A Festa Religiosa com Raízes Pagãs e Romanas

 

Isabel Carvalho e Cristina Castilho

No Mundo e em Portugal, conforme as culturas, o Natal é comemorado com muita alegria e um forte sentido de dádiva. Contudo, para muitos seres humanos, esta quadra não passa de uma festa anual que sempre proporciona o encontro com as famílias e os amigos. E, no centro destas reuniões, está, em geral, uma ampla mesa repleta de boas iguarias, para já não falarmos das músicas alusivas, que servem de fundo às conversas. Com raízes pagãs, segundo especialistas na matéria, o Natal é uma celebração religiosa, pelo menos, desde o Século IV D. C.

A celebração religiosa do Natal, conforme reza a história, teve o seu início no Século IV, pela mão do Papa Júlio I que, após exaustivas pesquisas, estabeleceu oficialmente o dia 25 de Dezembro, como a data mais provável do nascimento de Jesus Cristo.

Há, porém, especialistas nesta matéria que defendem que embora as "origens das celebrações modernas se diluam no tempo, é possível reconhecer-lhes as suas raízes pagãs e romanas."

As pagãs, relacionadas com os festivais do solstício de Inverno; as romanas, com as celebrações em honra de Saturno.
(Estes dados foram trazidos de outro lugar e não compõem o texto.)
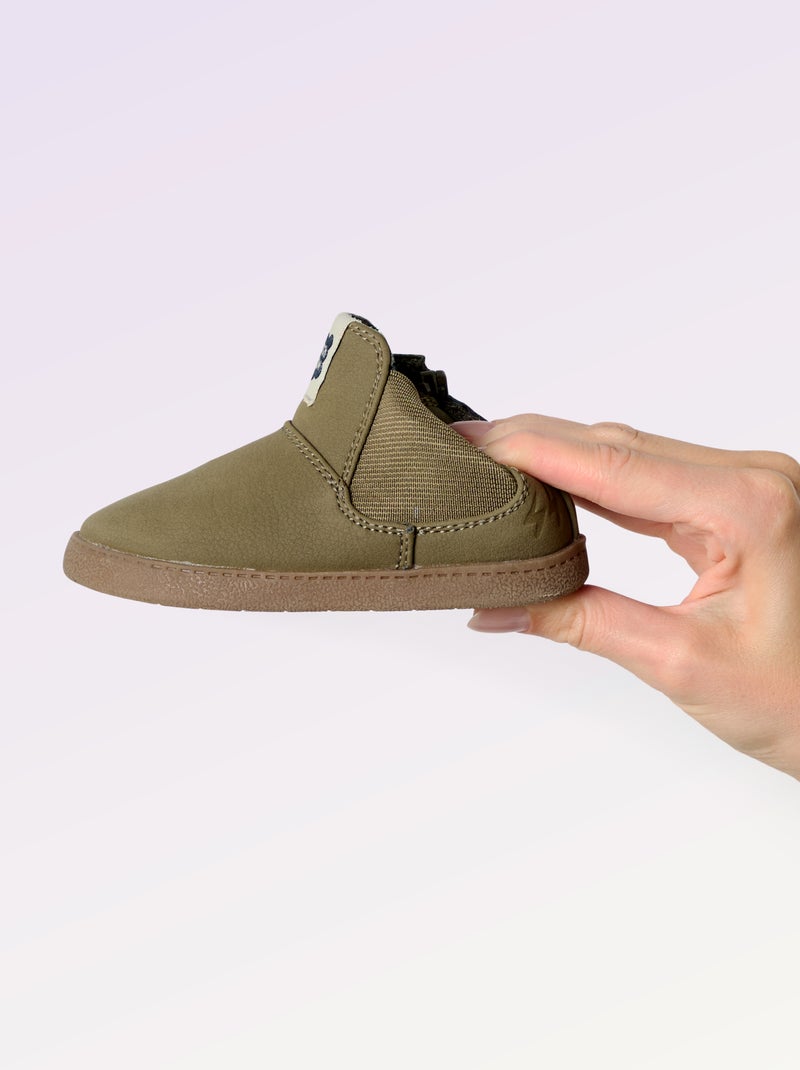 Boots en simili avec soufflet élastiqué - Motricité 3 '1ers pas' - Kitchoun Kaki - Kiabi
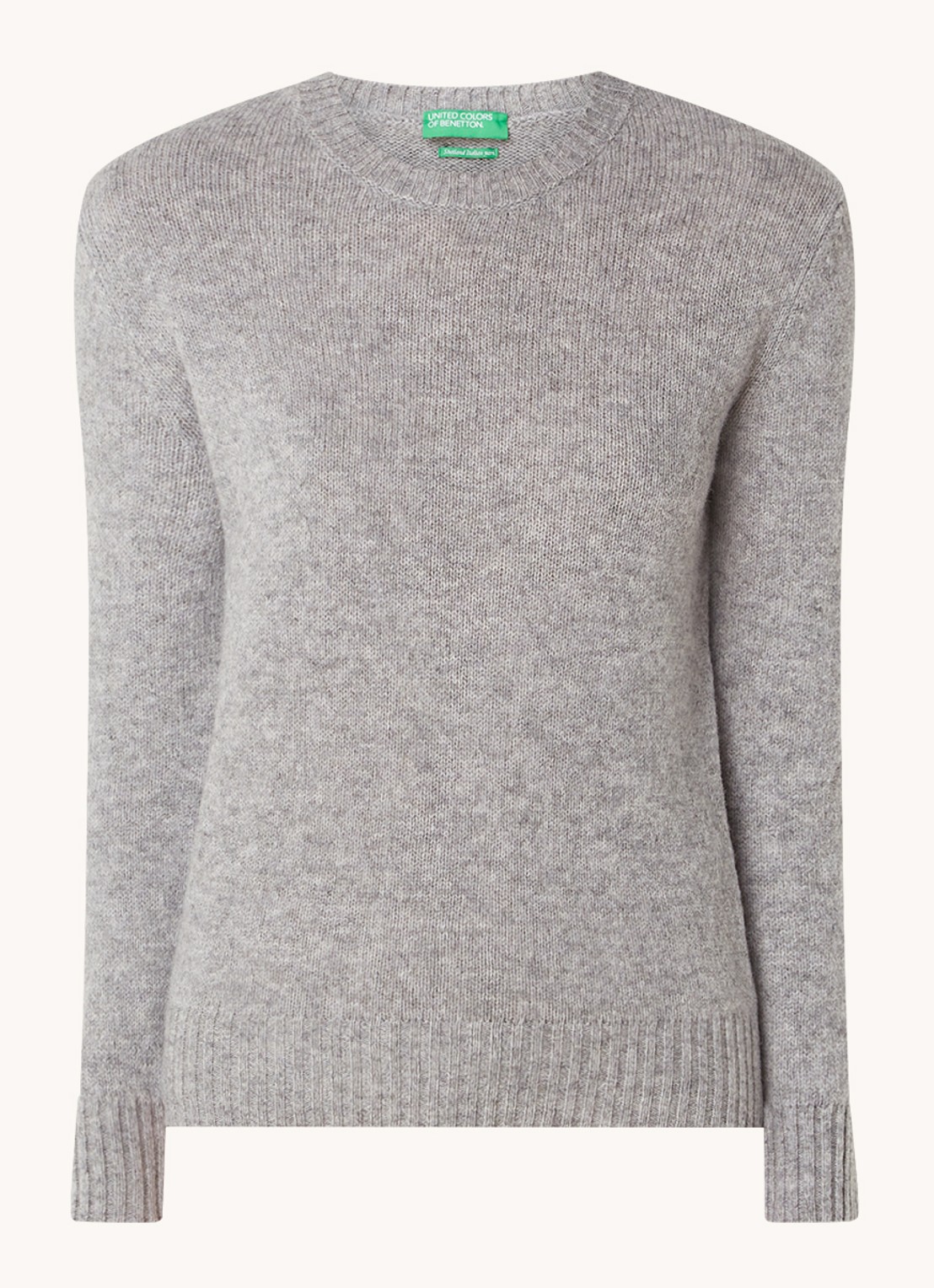 Benetton Fijngebreide pullover van wol - voorkant lichtgrijs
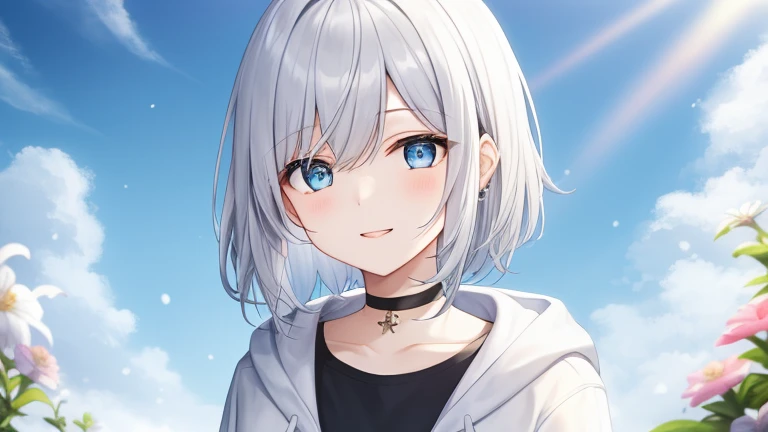 super high quality, with a girl, 20-year-old, とてもshort hair, long bangs between the eyes, pale blue eyes , blue sky, sunlight, very detailed,(masterpiece、highest quality)、alone、gray hair、laughter、White skin as clear as snow、fantasy, silver hair, black eye, beautiful eyes,, ecstasy, charm, be smitten with audience, short hair,blue sky , sunlight,fantasyな風景,looking down from above、white hoodie、black shirt、flower garden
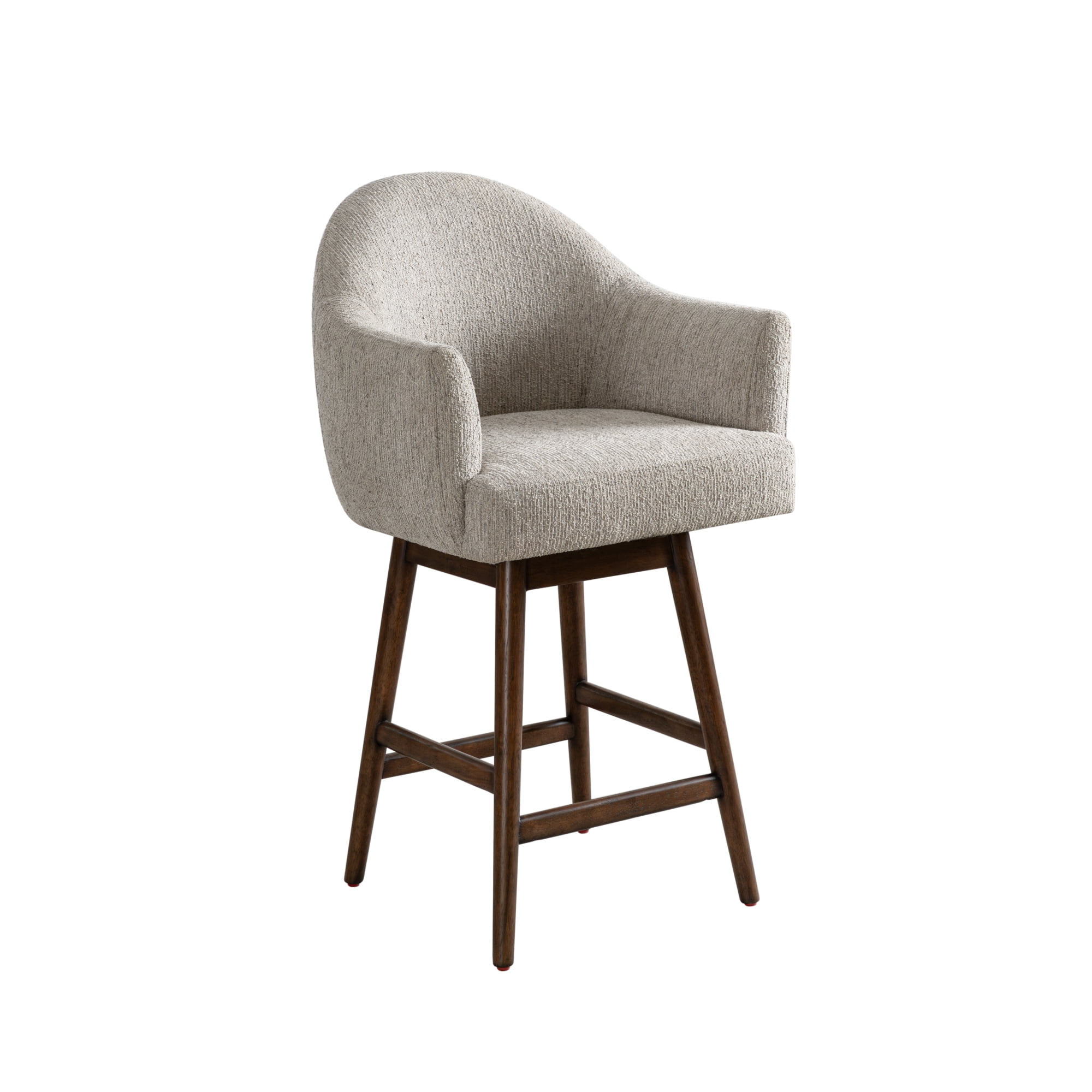Jaxon Brown Solid Wood Upholstered 26" Counter Height Swivel Barstool with Morning Fog Fabric Seat - Set of 2
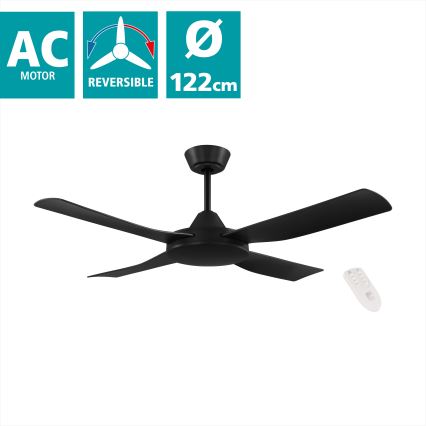 Eglo - Deckenventilator 52W/230V + FB schwarz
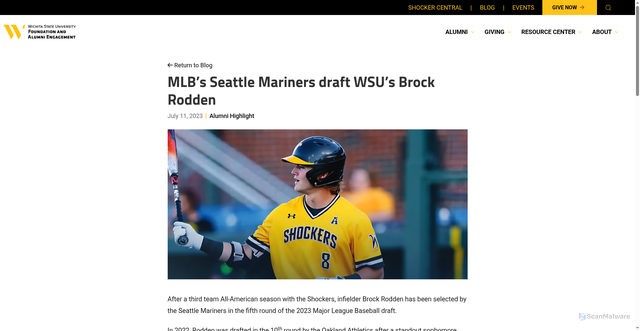 Security scan screenshot of https://foundation.wichita.edu/mlbs-seattle-mariners-draft-wsus-brock-rodden/
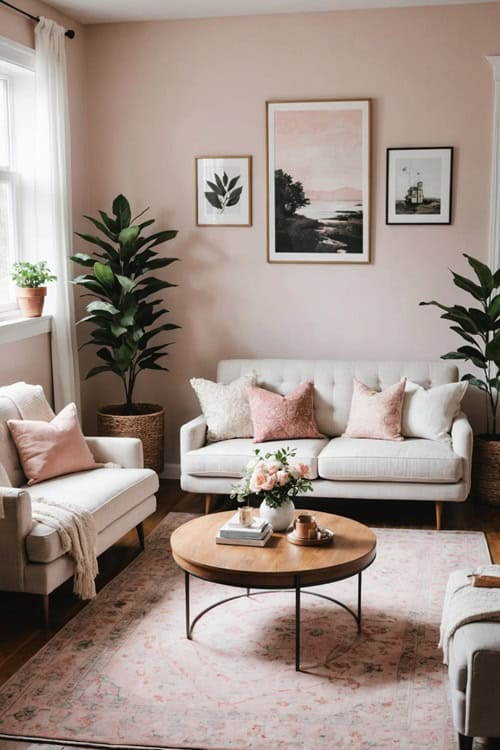 A Modern Vintage Living Room with a blush area rug and two couches 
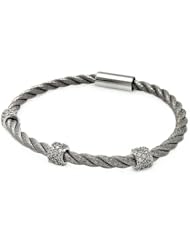 Rhodium 3 Cubic Zirconia Bar Sterling Silver Italian Band Bracelet Length 7 " Width 3.9mm Lock Magnetic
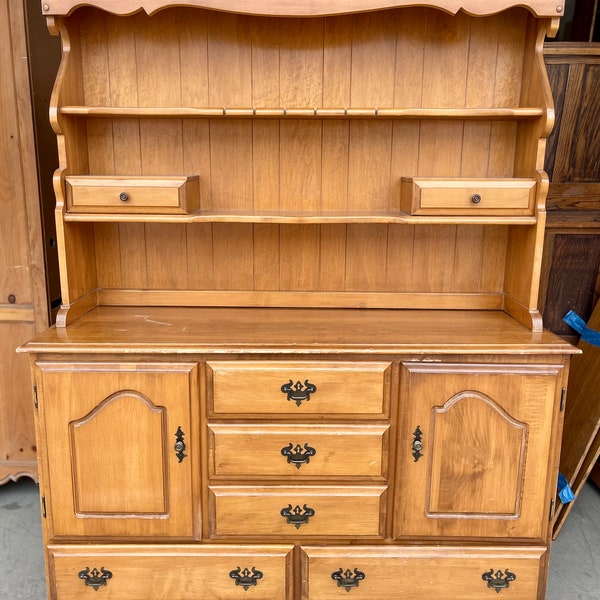 Available!! Vintage wooden hutch with custom refinish. Read full description.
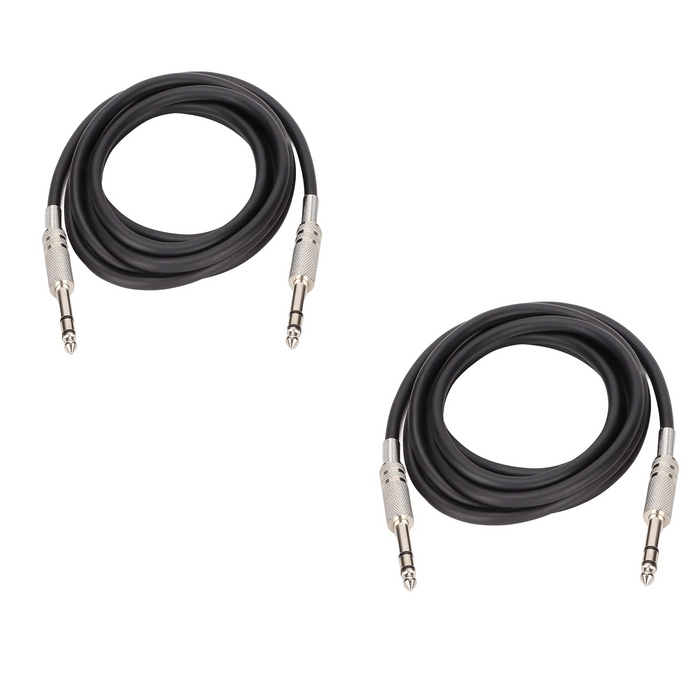 Imported 6.35mm Jack - Male To Male  Instrument/Audio Cable  Length: 2.0 Meters - Set of 2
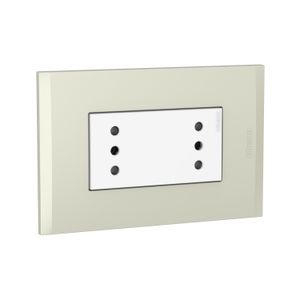 TOMA DUPLEX 10A BLANCA PL3P PERLA 2113E2BNA02 Bticino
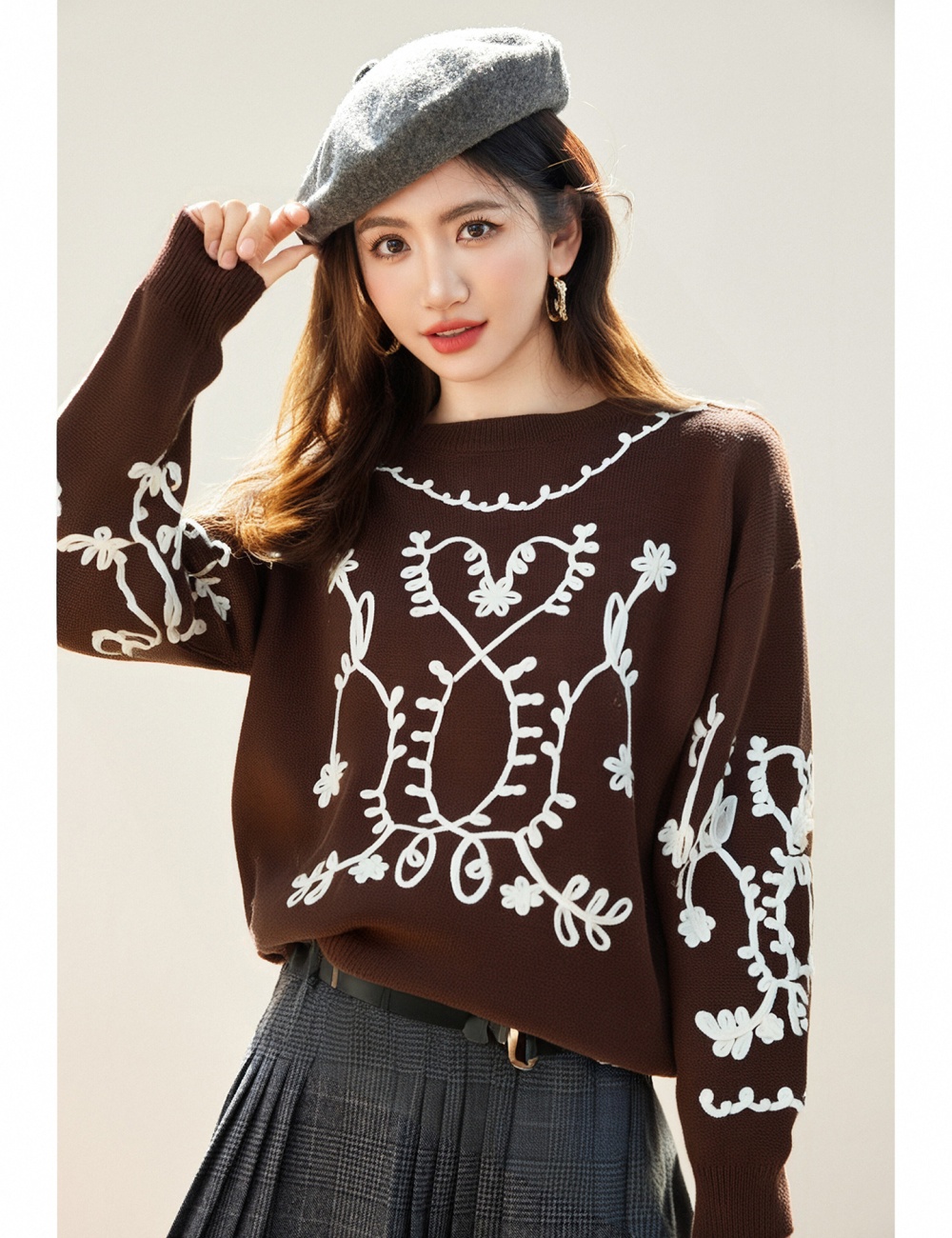 Autumn loose pattern tops pullover retro long sleeve sweater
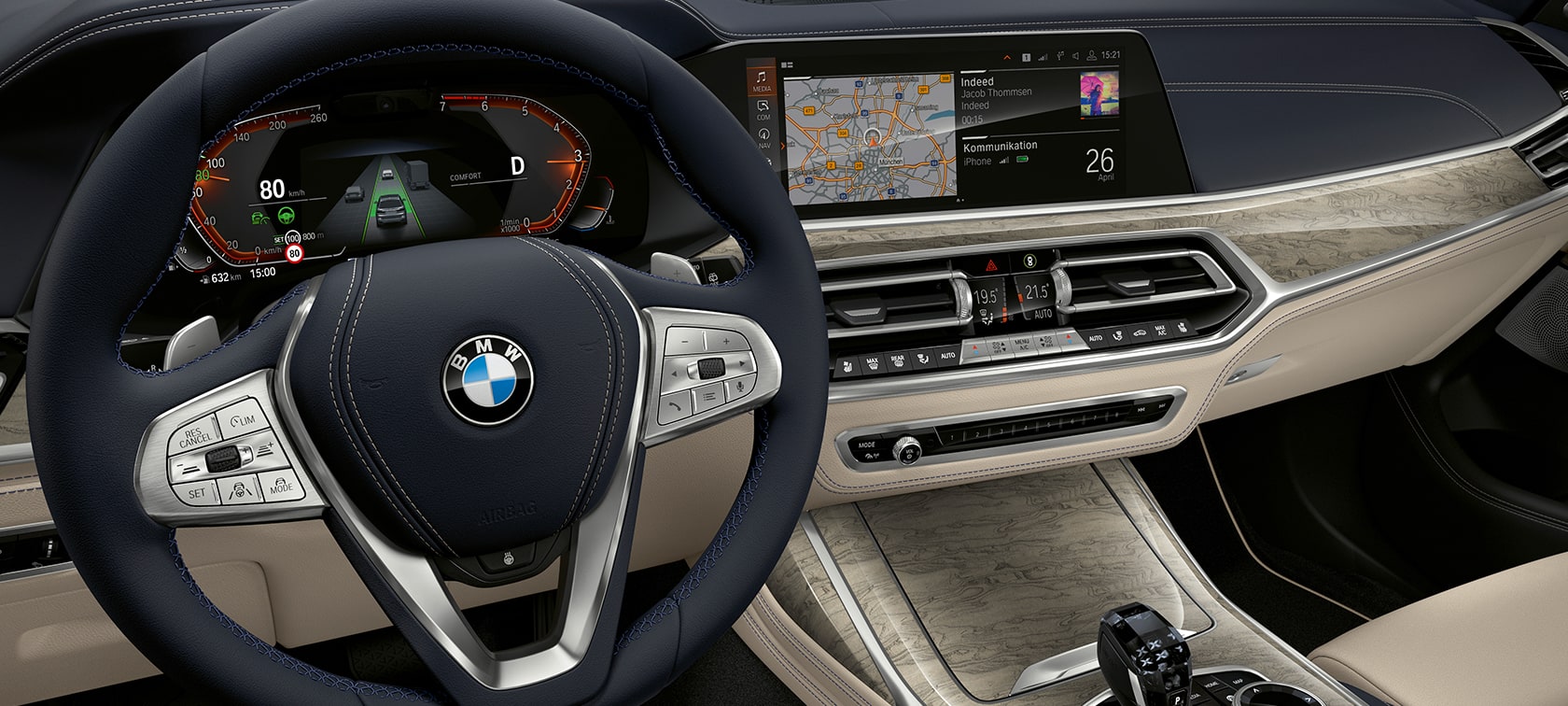 Modelos BMW X7 M , inovações BMW X7 M , posto de condução com destaque para o painel de instrumentos e painel do condutor, G07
Em ambos os casos, os festejos prolongavam-se por dias a fio, sempre com muita bebida e comida. Mas, é no seguimento da deliberação papal do Século IV D. C. que aqueles festejos pagãos começam a sua transformação e adaptação, que resultará na sua total assimilação. Este, um fenómeno que em Portugal reconhecemos em muitas romarias e festas populares, que no fundo foram cristianizadas pela Igreja.

Com o andar do tempo, o Natal foi-se transformando na grande festa da família que é hoje, embora se processe segundo certos rituais, alguns ancestrais.

No Século XIII, contudo, por influência dos franciscanos, chegam os presépios, que reconstituem a noite do nascimento do menino Jesus e que se revestem de grande importância para antropólogos e sociólogos, na medida em que "possuem a dupla vantagem de constituir uma fonte historicamente datável e simultaneamente relacionável com as classes populares", ouvimo-lo dizer a Nair Alexandra, no VIII Congresso Internacional "A Festa", promovido pela Sociedade Portuguesa de Estudos do Século XVIII, em 1992, nas instalações da Feira Internacional de Lisboa (FIL).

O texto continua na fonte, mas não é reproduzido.